**ACTIVITY**
The response must be the exact lines from the line holding "Celadon jade figure" through the end of the entries, with no pictures and nothing else.

**RECORDS FOR THE TASK**
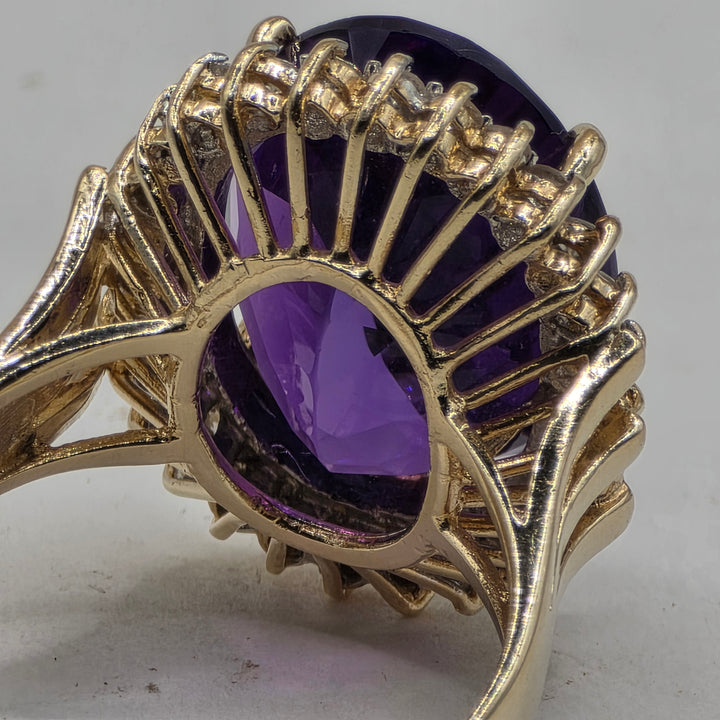 14k Gold & (est.)5 Carat Oval Amethyst & Diamond Halo Party Ring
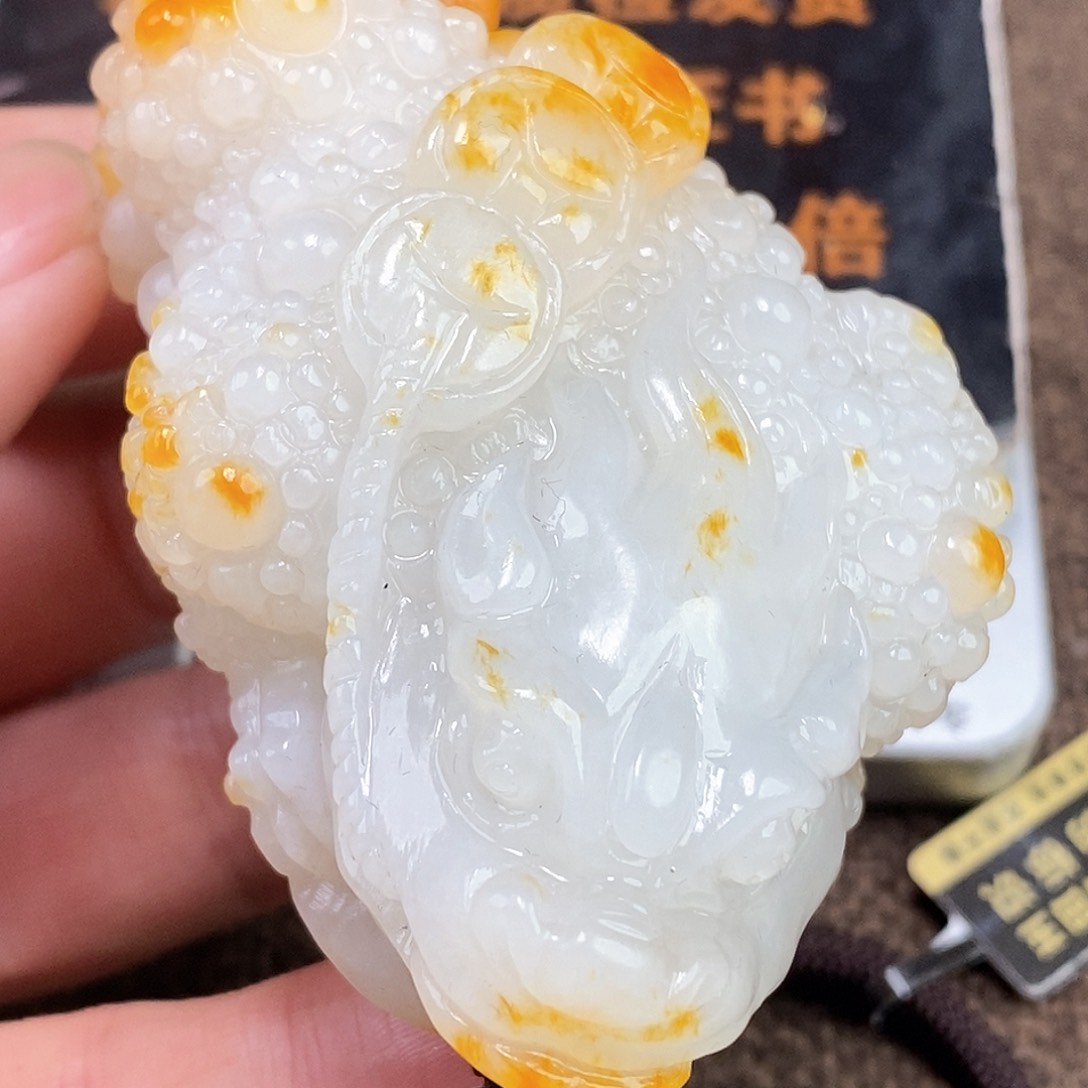 和田玉挂件未镶嵌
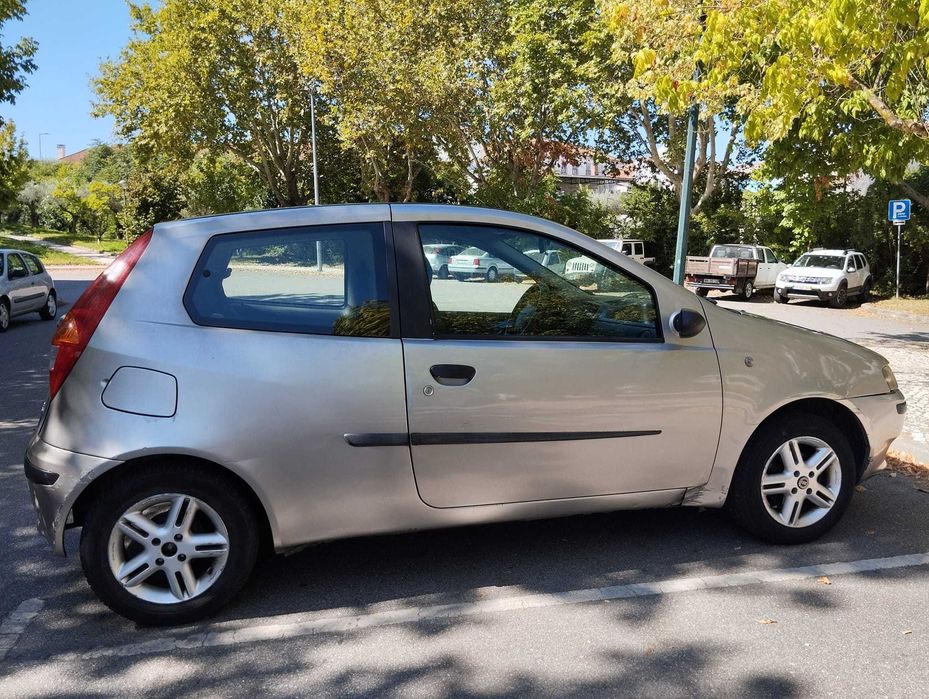 Carro ótimo para o dia-a-dia - Fiat Punto 2001.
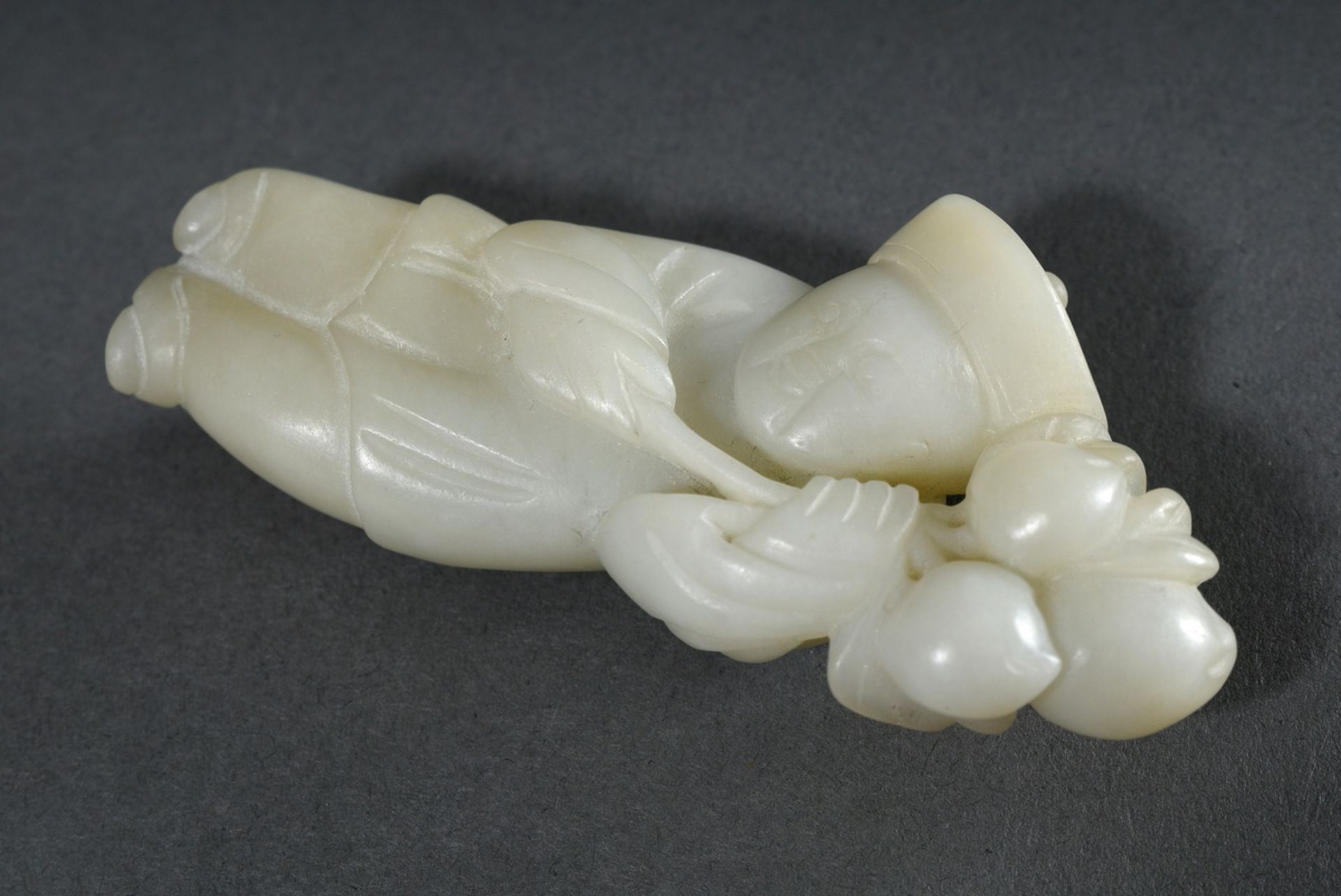 Celadon jade figure "Boy with peaches", China probably Qing Dynasty, on the back adhesive label "Sa - Image 2 of 5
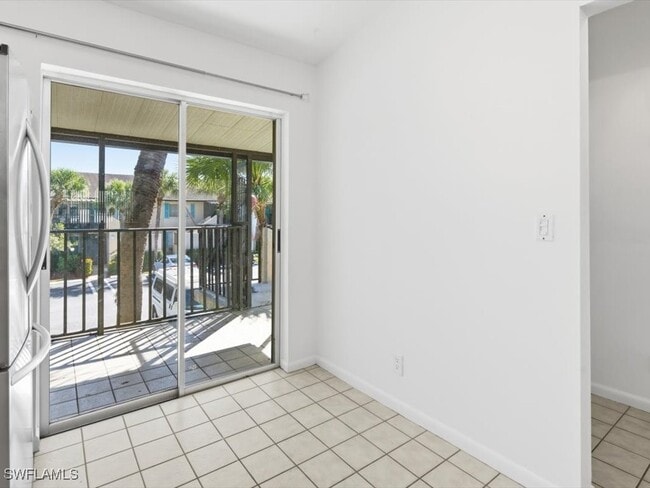property at 4130 Looking Glass Ln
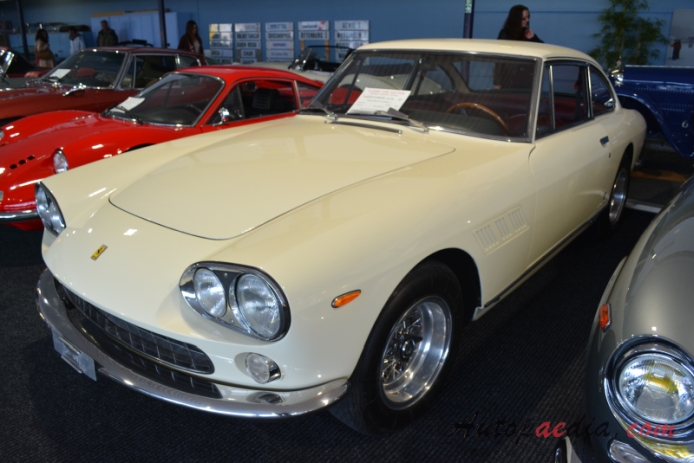 Ferrari 330 GT 2+2 1964-1967 (1965 1. series Coupé 2d), lewy przód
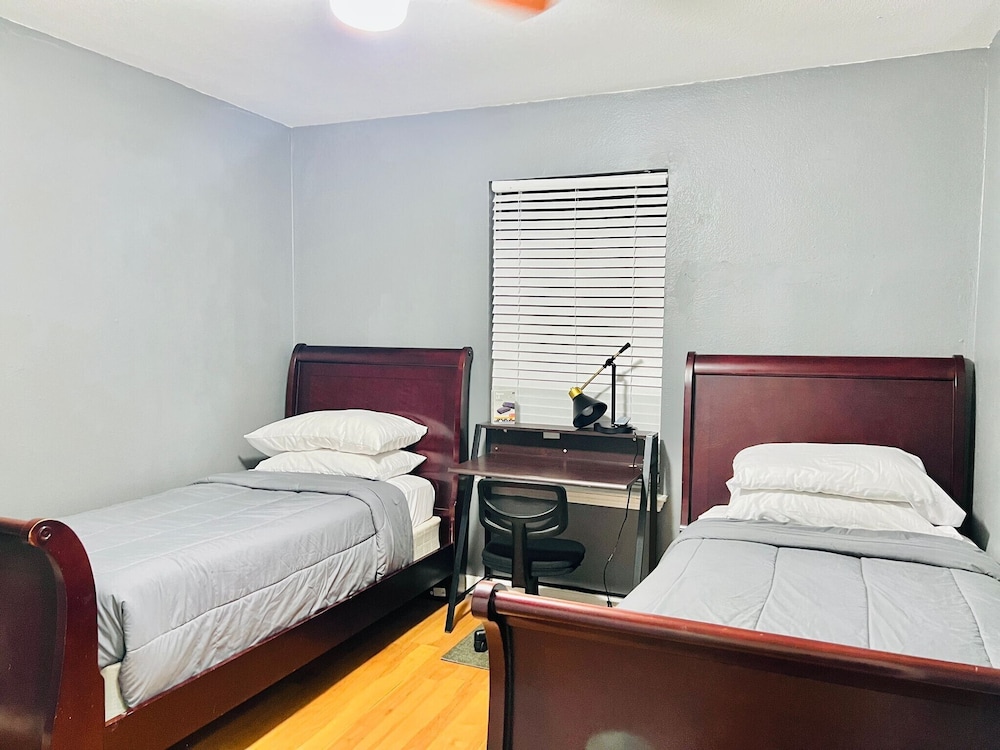 Family Retreat Near Kalahari Sleeps 11 in Round Rock, United States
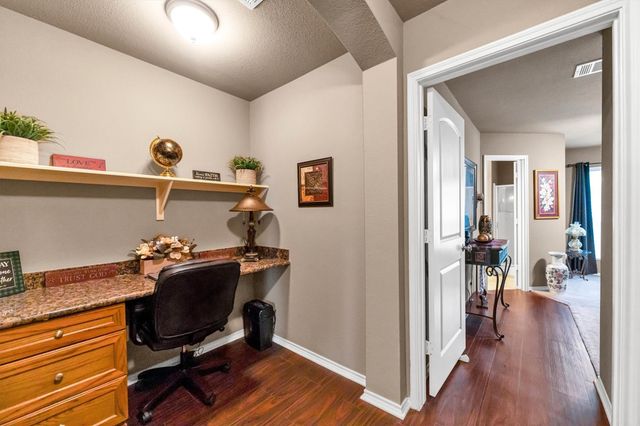135 Brookside Drive, Huntsville, TX 77320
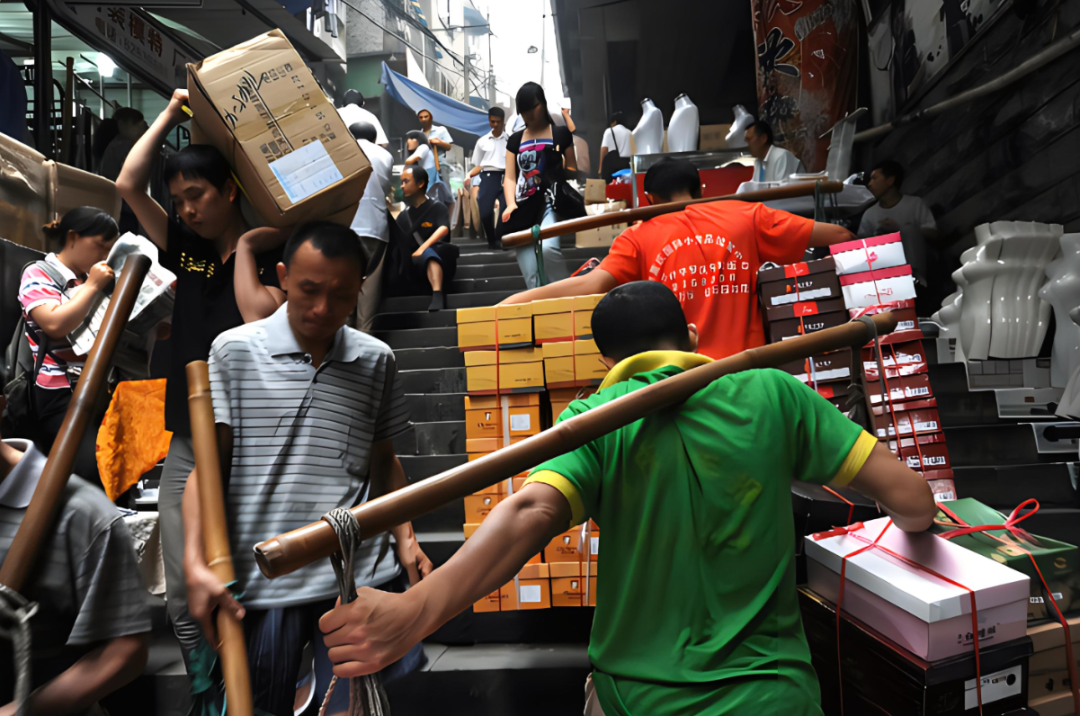 00后的孩子不能吃苦？凌晨工厂门口堵满大学生，你又怎么说？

**OUTPUT OF THE EXERCISE**
 Celadon jade figure "Boy with peaches", China probably Qing Dynasty, on the back adhesive label "Sa - Image 2 of 5
property at 4130 Looking Glass Ln
 Ferrari 330 GT 2+2 1964-1967 (1965 1. series Coupé 2d), lewy przód
 Family Retreat Near Kalahari Sleeps 11 in Round Rock, United States
135 Brookside Drive, Huntsville, TX 77320
 00后的孩子不能吃苦？凌晨工厂门口堵满大学生，你又怎么说？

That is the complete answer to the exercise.